Непонятно каким образом император Павел, умный, образованный, чувствительный, знавший ту ненависть, которую питали к мундирам отца его, решился, против общего мнения, тотчас приступить к такой ничтожной перемене, которая поставила всех против него. Это ощутительнее было в гвардии. Уничтожение мундиров, введенных Петром Великим, казалось одним пренебрежением, другим – преступлением. Обратить гвардейских офицеров из царедворцев в армейских солдат, ввести строгую дисциплину, словом, обратить все вверх дном значило презирать общим мнением и нарушить вдруг весь существующий порядок, освященный временем. Неужели, полагал он, что настало тогда время привесть в исполнение то, что не удалось его родителю, и когда? После блистательного и очаровательного века Екатерины! Следствием того было, что большая часть гвардейских офицеров вышла в отставку. Кем заменить их? Император перевел в гвардию гатчинских своих офицеров, и, пренебрегая прежними учреждениями Петра, теми же чинами, в которых они служили в неуважаемых тогда его морских батальонах. В этом поступке никто не хотел видеть необходимости, и еще менее великодушие в желании вознаградить тех, которые разделяли незавидную участь его в Гатчине. Все полагали, что это делается назло Екатерине. К несчастию, переведенные в гвардию офицеры, за исключением весьма малого числа, были недостойны этой чести и не могли заменить утрату первых. Гатчинские батальоны не могли равняться даже с армией, а еще менее с гвардией, где служил цвет русского дворянства.
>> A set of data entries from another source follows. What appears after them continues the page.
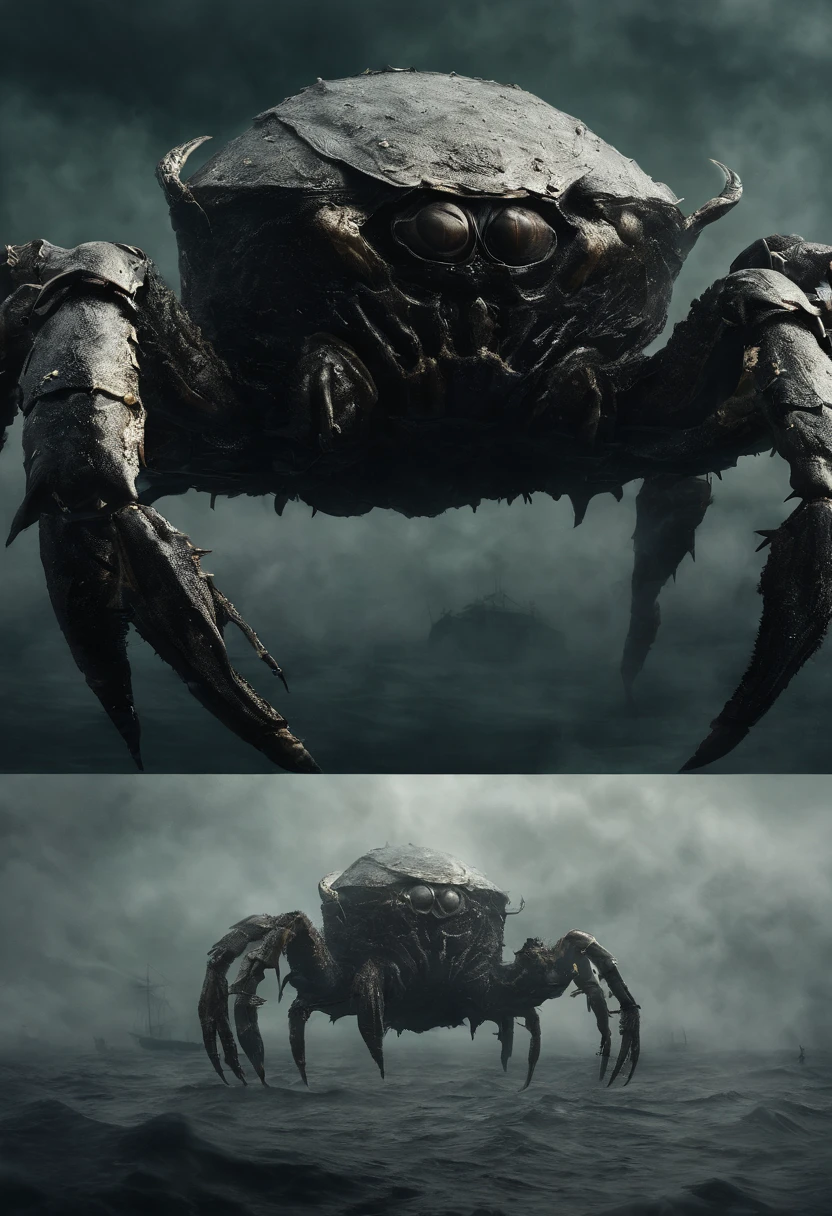 (A giant crab in the mist stares from the air at a man who asks for help),a creature 5 meters tall, giant crab, , The shell of the giant crab is dark green, flat, Wide oval, Shiny, Very hard and smooth. The crust has a thick texture,It is resistant to all kinds of environmental stresses. The head is more developed. There is a pair of large, Protruding compound eyes,The texture is like crystal. The antenna is long and flexible. The length is about 1/3 The width of the crab's body, On the top of the head, There is a pair of small pliers, elden ring monster, huge creature,giant crab, giant ethereal creature,The texture is clear, Helpless people,Those who pray for salvation from cancer
background:nebulous sky,rough sea,Greatwave,Recife,salama, 真实感,Epic,ultraclear,afterimage, Dutch angle, From below, Sony FE GM, Chiaroscuro, Blurry, hyper HD, Masterpiece, Textured skin, Super detail, High details, High quality, Award-Awarded, Best quality, A high resolution, 8K,Epic,sci-fy,Futuristic fantasy,Cartoony,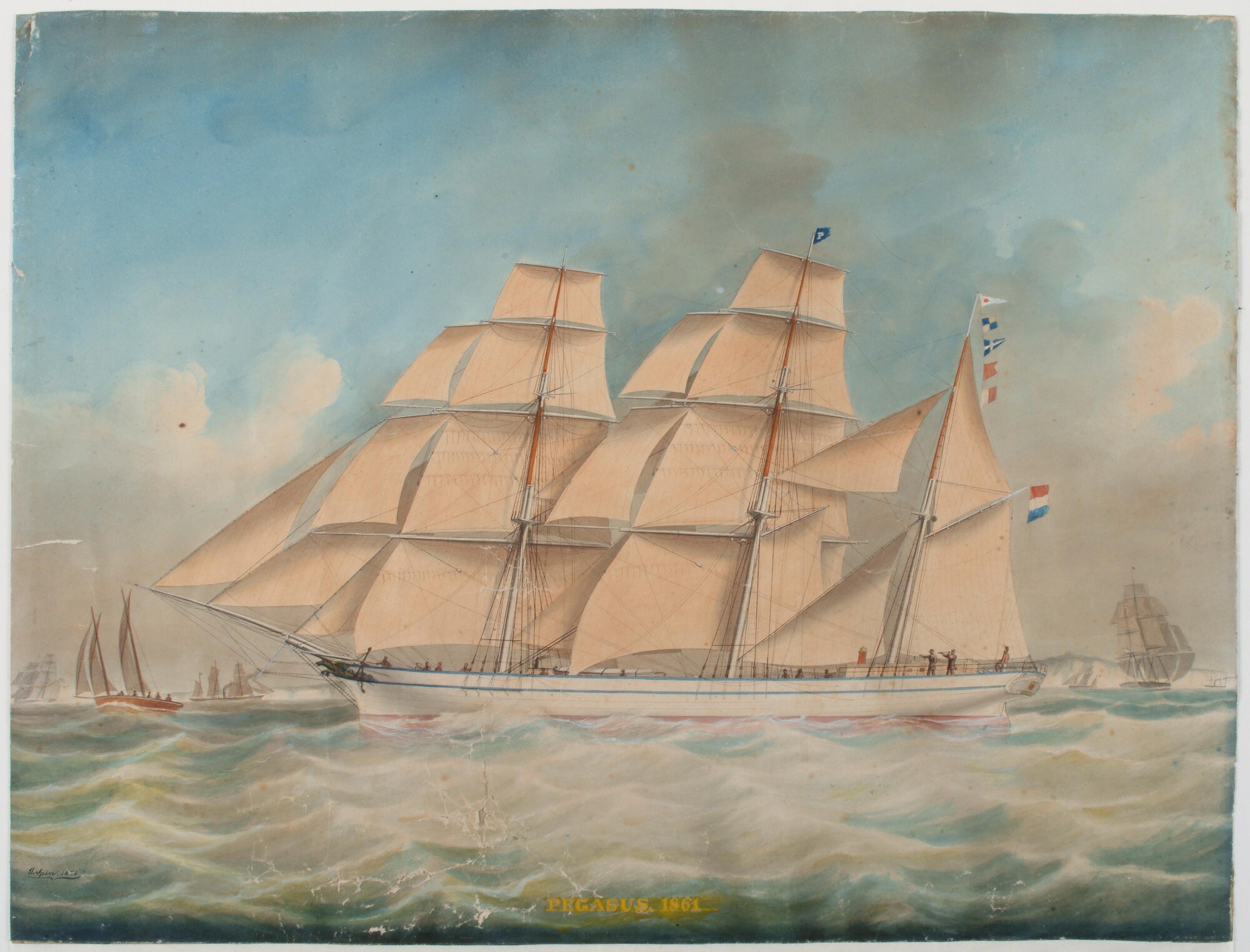 A.2223(03); Het barkschip Pegasus; tekening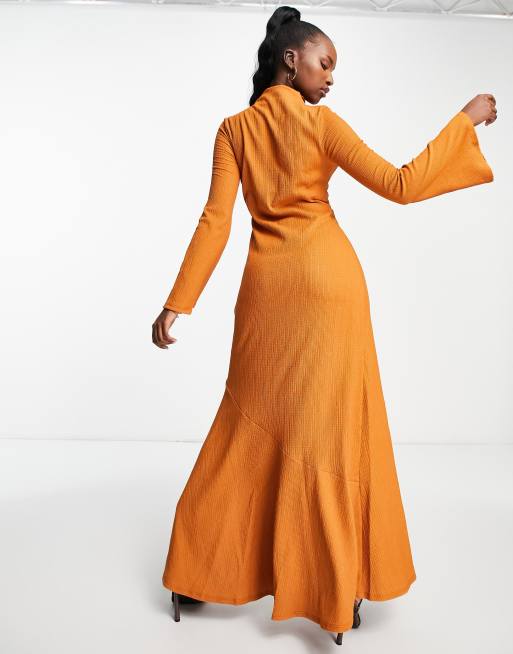 Rust long sleeve cheap maxi dress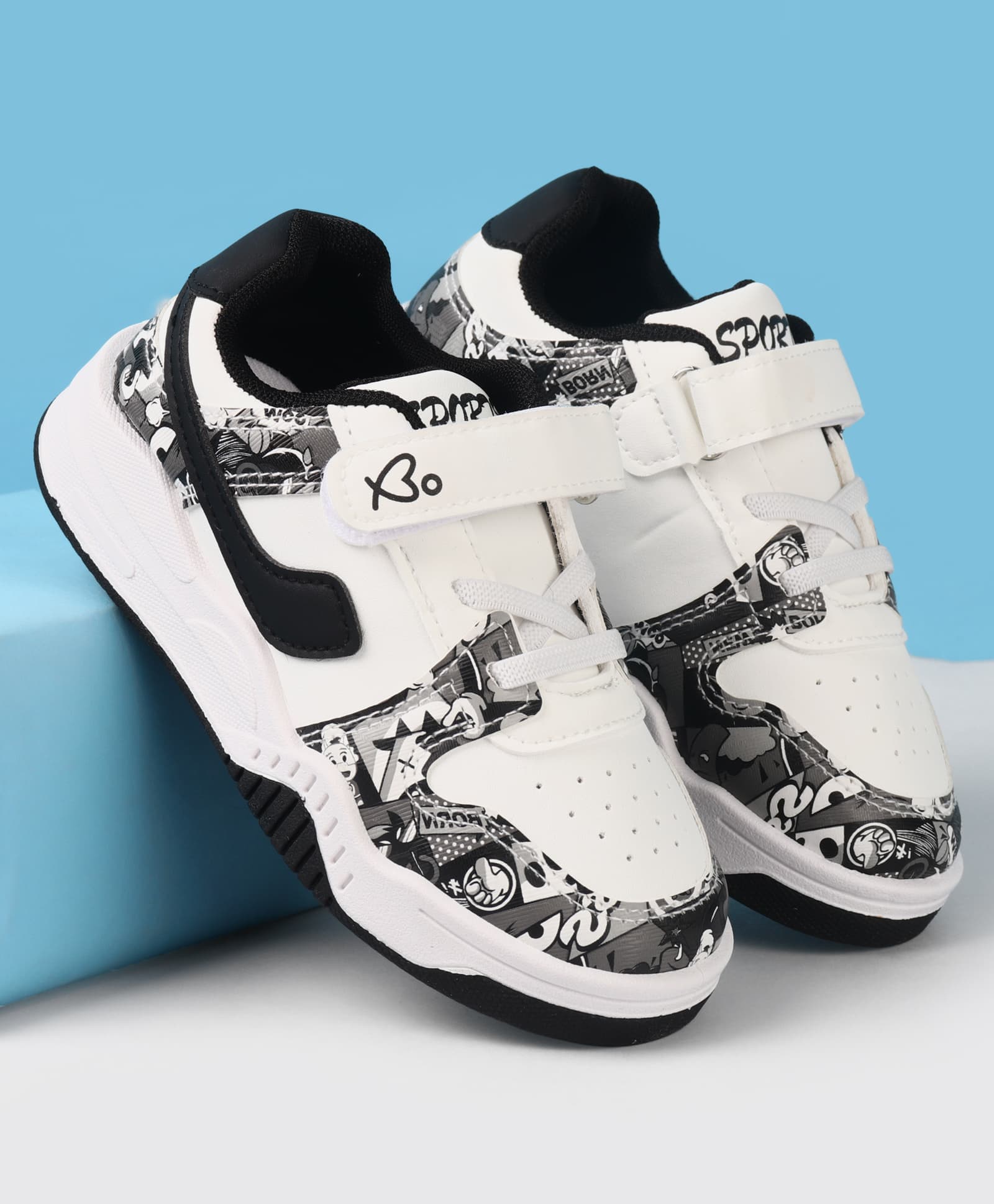 Babyoye Velcro Closure With Printed Casual Shoes - Black-picture-15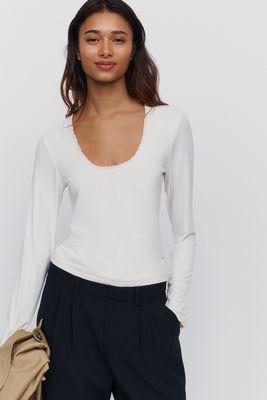 Maeve Lace Trim Long Sleeve Tee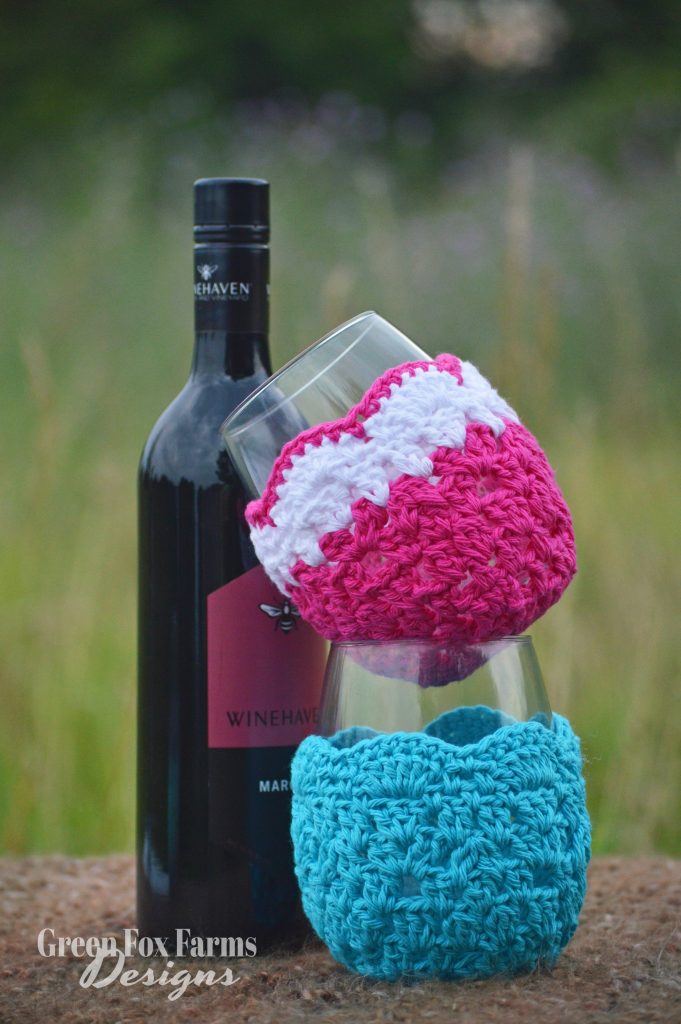 Wine Glass Cozy Free Crochet Pattern • Green Fox Farms Designs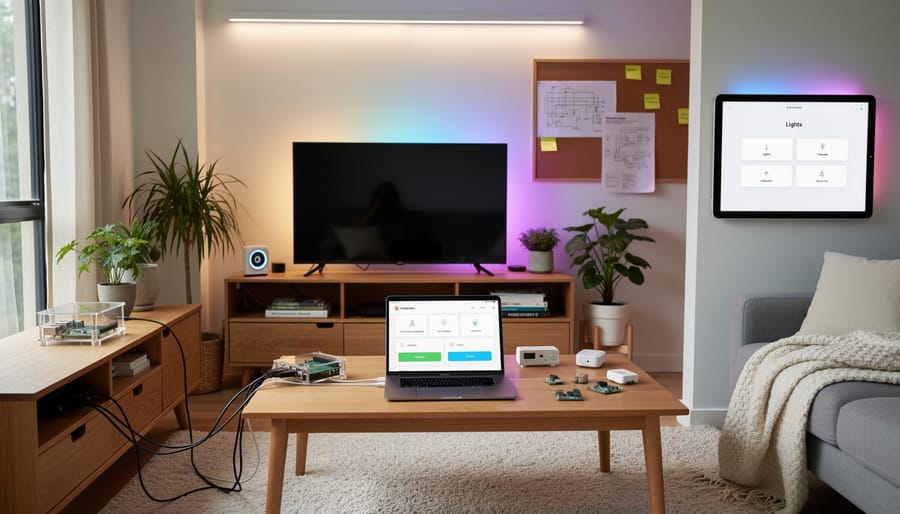 Raspberry Pi-based smart home automation system with sensors and displays mounted on wall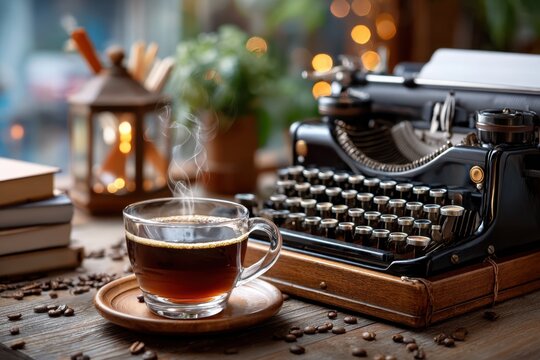 Vintage Typewriter, Coffee, and Books on Desk - Powered by Adobe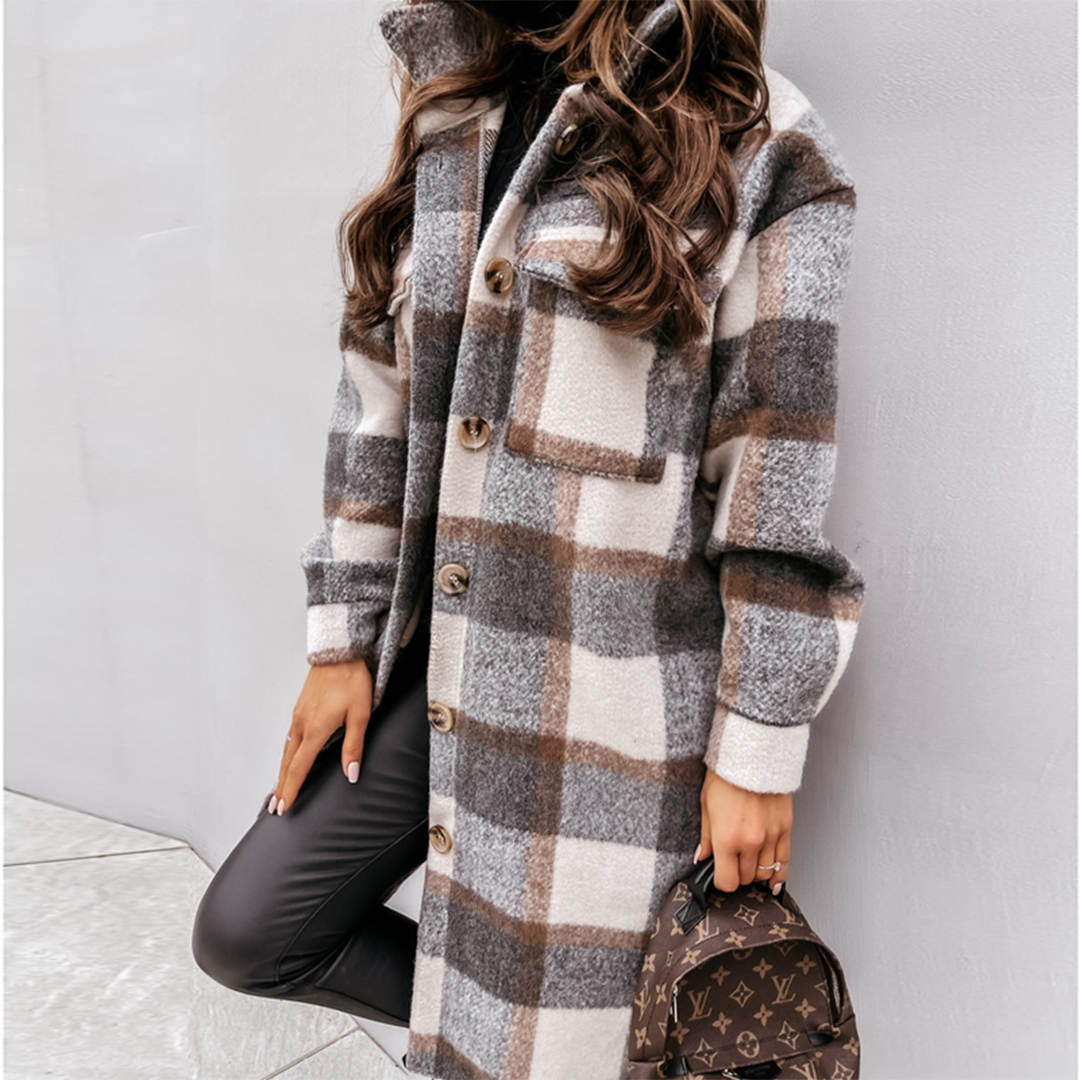 Van Dal | Dames Cozy Geruite Lange Jas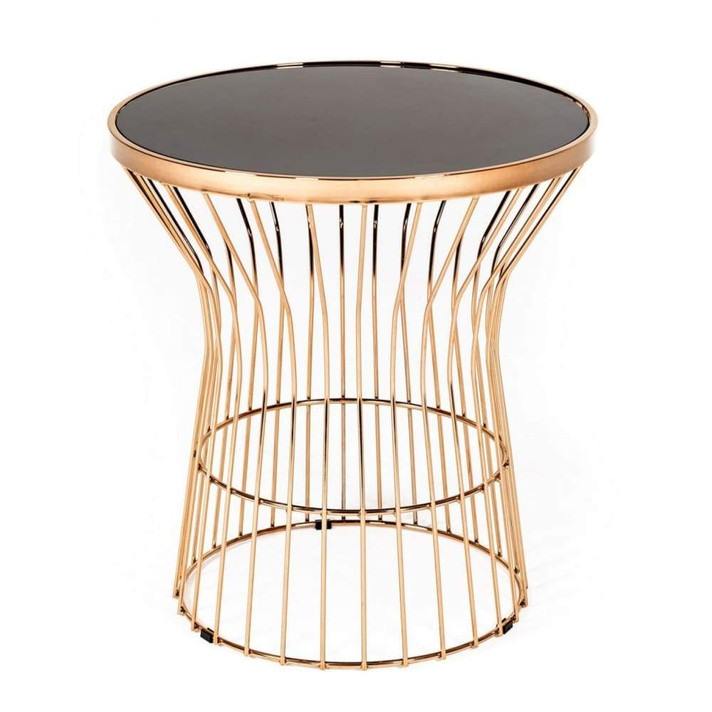 Arden Black Glass and Rose Gold Platner Side Table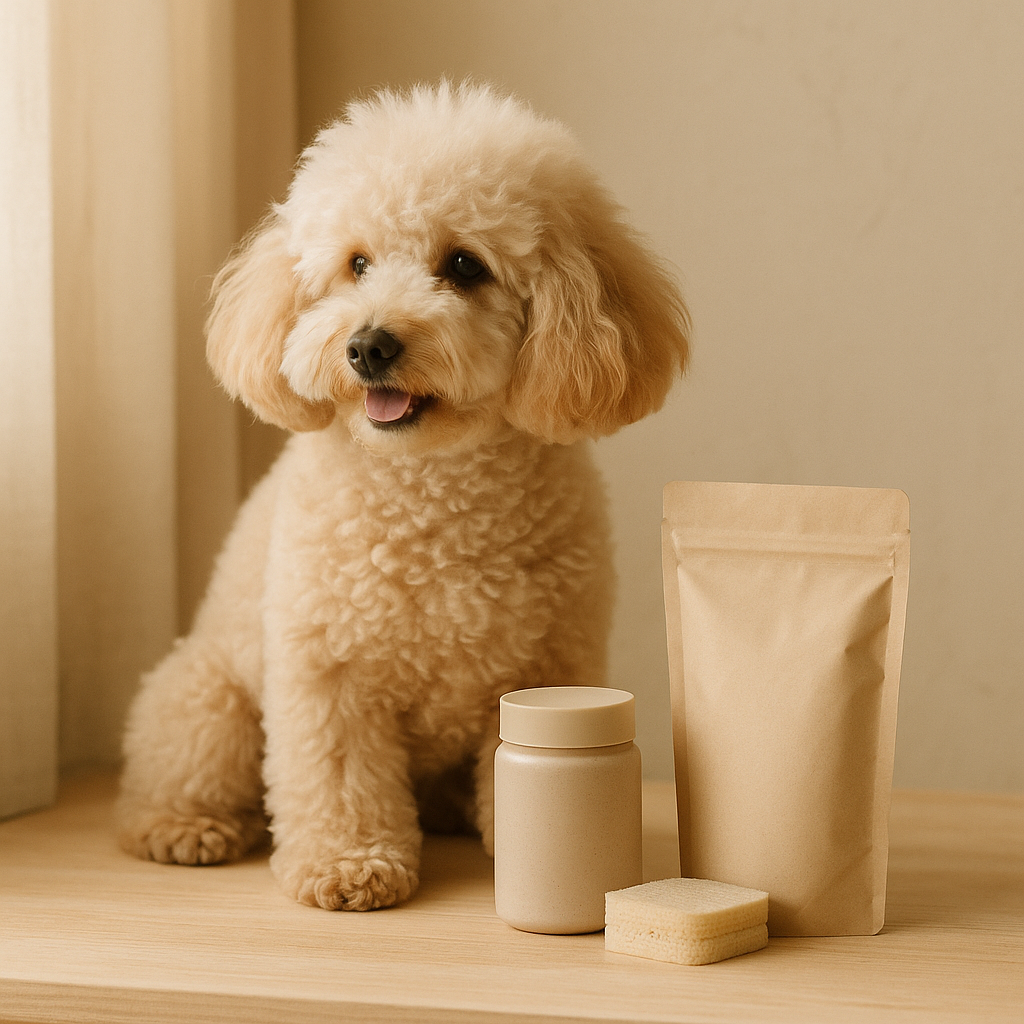 Cream-colored poodle sitting beside dry shampoo jar and refill pouch — CocoPaw Dry Shampoo Refills offering waterless, gentle, and sustainable pet grooming care.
Никто не завидовал тому, что император раздавал им щедрой рукою поместья, это была награда за претерпенное ими в Гатчине[60]; но в гвардии им быть не следовало, ибо в этом кругу гатчинские офицеры не могли найтиться.

Предчувствия моего адмирала сбылись. Меня приказал к себе просить новый комендант Горбунцев[61] будто на вечер. Он объявил мне, что прислан к нему фельдъегерь за моим адмиралом. Горбунцев, хотя гатчинский, но был человек с чувством и отлично благородный.

– Примите, – сказал он мне, – какие-нибудь меры для успокоения вашего адмирала во время путешествия его в Петербург, которое, по приказанию, должно быть совершено в телеге, и объявите ему об этом несчастном случае.

Я просил его убедительно самому съездить к адмиралу, ибо я не в силах буду ему даже об этом намекнуть.

– Хорошо, – отвечал комендант, – надо усыпить фельдъегеря, он приехал пьяный, – и, призвав офицера, отдал ему какое-то приказание.

Вместе с комендантом сел я в карету и с тяжелым сердцем вошел в тот мирный и счастливый дом, который должен вскоре обратиться в дом скорби и печали.

– Доложите обо мне, – сказал комендант.

Я вошел в кабинет, и, вероятно, на лице моем выражалась скорбь, ибо адмирал, не дождавшись от меня ни слова, спросил:

– Что такое? – и слеза навернулась на глазах его.

С трудом мог я выразить:

– Комендант Горбунцев здесь.

Адмирал встал, прошелся по комнате, остановился, вздохнул, и с этим вздохом как будто ободрился.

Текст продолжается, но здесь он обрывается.